Data extract:
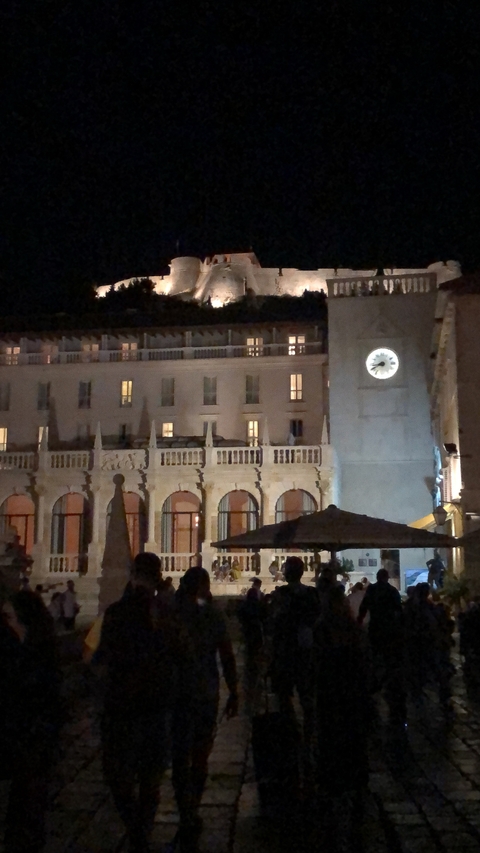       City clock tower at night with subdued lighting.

---

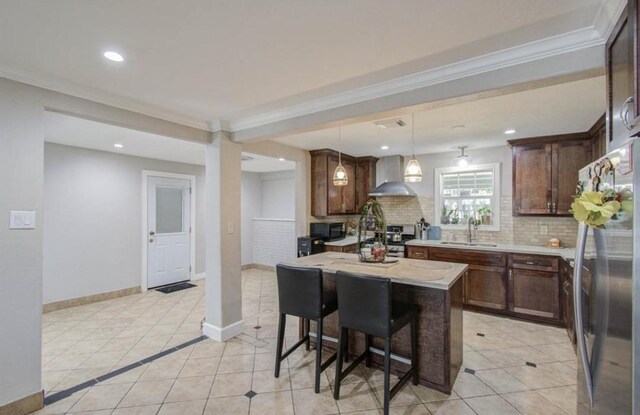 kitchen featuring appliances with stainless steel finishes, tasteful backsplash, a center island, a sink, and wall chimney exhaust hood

---

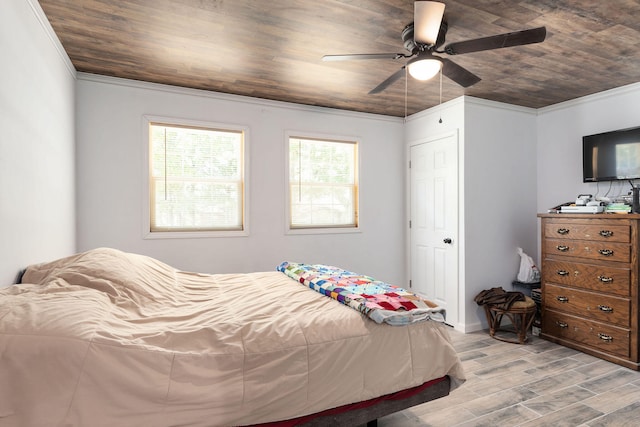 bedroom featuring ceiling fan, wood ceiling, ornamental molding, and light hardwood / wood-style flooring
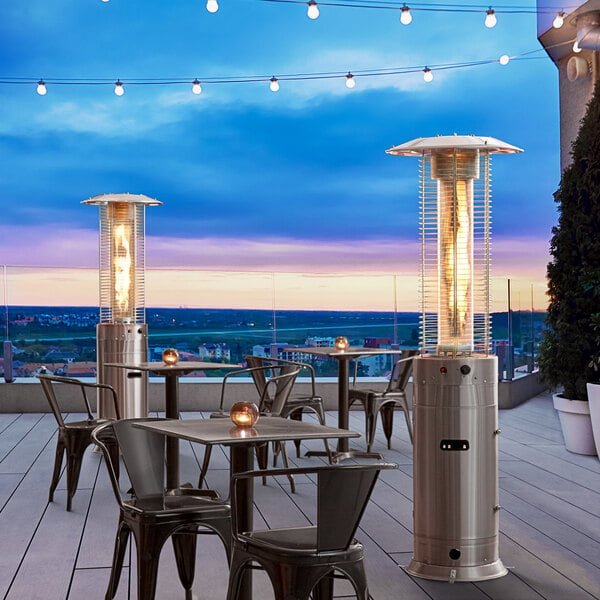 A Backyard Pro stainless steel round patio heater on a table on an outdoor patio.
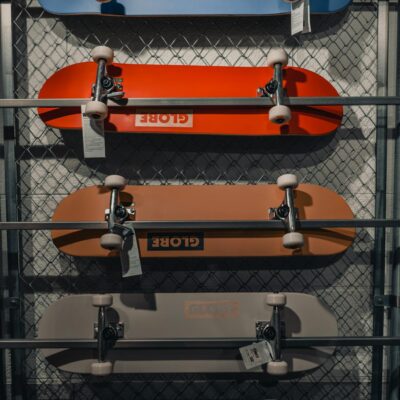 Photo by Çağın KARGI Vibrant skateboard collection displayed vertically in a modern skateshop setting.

Requirement: Keep to the stretch from the line containing "A Backyard Pro" through the line containing "Photo by Çağın", both ends included, and copy it exactly from the listing above, minus the pictures.

Reply to the exercise:
 A Backyard Pro stainless steel round patio heater on a table on an outdoor patio.
 Photo by Çağın KARGI Vibrant skateboard collection displayed vertically in a modern skateshop setting.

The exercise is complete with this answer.